EXERCISE AIM =
Using the records below, transcribe word for word the stretch from the line that contains "100 Pcs Wooden" through the line that contains "14 Ayar Altın Taşlı Belisima Yüzük - 1", both end lines included, and nothing else.

====== THE DATA ======

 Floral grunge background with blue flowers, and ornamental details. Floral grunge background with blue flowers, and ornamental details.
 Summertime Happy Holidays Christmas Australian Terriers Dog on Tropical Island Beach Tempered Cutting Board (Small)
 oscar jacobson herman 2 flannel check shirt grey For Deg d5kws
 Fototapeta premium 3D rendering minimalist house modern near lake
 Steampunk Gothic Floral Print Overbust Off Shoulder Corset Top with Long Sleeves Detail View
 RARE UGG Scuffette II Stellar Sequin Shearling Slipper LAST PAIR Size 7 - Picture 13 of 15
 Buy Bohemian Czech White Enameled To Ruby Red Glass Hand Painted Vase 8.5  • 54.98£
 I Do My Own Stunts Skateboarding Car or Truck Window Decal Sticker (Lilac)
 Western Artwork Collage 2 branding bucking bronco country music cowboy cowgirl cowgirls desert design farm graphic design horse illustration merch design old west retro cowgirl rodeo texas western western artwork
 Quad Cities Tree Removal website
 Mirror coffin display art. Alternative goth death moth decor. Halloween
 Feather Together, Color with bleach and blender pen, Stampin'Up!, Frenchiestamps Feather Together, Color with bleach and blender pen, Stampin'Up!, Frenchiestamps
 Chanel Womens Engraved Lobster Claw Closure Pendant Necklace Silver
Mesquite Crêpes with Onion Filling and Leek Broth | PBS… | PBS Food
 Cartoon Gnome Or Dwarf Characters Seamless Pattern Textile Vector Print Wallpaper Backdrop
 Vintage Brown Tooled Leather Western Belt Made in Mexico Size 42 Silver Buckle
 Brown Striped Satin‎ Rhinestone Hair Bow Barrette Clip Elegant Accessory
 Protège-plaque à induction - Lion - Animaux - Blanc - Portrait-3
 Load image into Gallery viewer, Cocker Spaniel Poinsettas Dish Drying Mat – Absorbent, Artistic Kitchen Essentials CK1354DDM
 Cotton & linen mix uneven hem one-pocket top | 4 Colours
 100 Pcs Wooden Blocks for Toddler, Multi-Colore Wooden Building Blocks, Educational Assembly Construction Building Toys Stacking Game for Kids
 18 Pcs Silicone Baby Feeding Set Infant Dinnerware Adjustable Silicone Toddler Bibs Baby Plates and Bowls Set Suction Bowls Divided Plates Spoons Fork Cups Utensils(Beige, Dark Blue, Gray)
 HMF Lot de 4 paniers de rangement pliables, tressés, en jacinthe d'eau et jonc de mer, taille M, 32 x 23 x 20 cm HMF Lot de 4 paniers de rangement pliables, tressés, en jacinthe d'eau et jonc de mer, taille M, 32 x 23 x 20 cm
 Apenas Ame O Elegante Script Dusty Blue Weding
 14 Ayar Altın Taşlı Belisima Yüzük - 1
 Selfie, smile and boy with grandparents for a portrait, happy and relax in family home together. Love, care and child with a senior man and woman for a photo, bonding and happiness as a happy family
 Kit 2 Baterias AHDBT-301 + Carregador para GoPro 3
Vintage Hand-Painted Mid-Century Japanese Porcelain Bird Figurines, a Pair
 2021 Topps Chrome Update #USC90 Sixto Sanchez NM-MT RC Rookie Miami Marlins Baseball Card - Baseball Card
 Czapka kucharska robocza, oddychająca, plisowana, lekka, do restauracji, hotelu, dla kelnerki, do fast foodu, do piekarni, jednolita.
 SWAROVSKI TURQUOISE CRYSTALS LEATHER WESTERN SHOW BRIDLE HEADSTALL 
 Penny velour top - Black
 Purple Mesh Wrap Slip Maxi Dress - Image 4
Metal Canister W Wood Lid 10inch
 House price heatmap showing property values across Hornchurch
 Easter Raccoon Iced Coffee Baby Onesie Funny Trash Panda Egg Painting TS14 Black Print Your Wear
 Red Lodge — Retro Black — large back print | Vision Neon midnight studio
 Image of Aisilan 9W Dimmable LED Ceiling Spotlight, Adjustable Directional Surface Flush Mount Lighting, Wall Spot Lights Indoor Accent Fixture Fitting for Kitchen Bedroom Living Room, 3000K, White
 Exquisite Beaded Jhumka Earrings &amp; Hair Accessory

======

SOLUTION BELOW =
 100 Pcs Wooden Blocks for Toddler, Multi-Colore Wooden Building Blocks, Educational Assembly Construction Building Toys Stacking Game for Kids
 18 Pcs Silicone Baby Feeding Set Infant Dinnerware Adjustable Silicone Toddler Bibs Baby Plates and Bowls Set Suction Bowls Divided Plates Spoons Fork Cups Utensils(Beige, Dark Blue, Gray)
 HMF Lot de 4 paniers de rangement pliables, tressés, en jacinthe d'eau et jonc de mer, taille M, 32 x 23 x 20 cm HMF Lot de 4 paniers de rangement pliables, tressés, en jacinthe d'eau et jonc de mer, taille M, 32 x 23 x 20 cm
 Apenas Ame O Elegante Script Dusty Blue Weding
 14 Ayar Altın Taşlı Belisima Yüzük - 1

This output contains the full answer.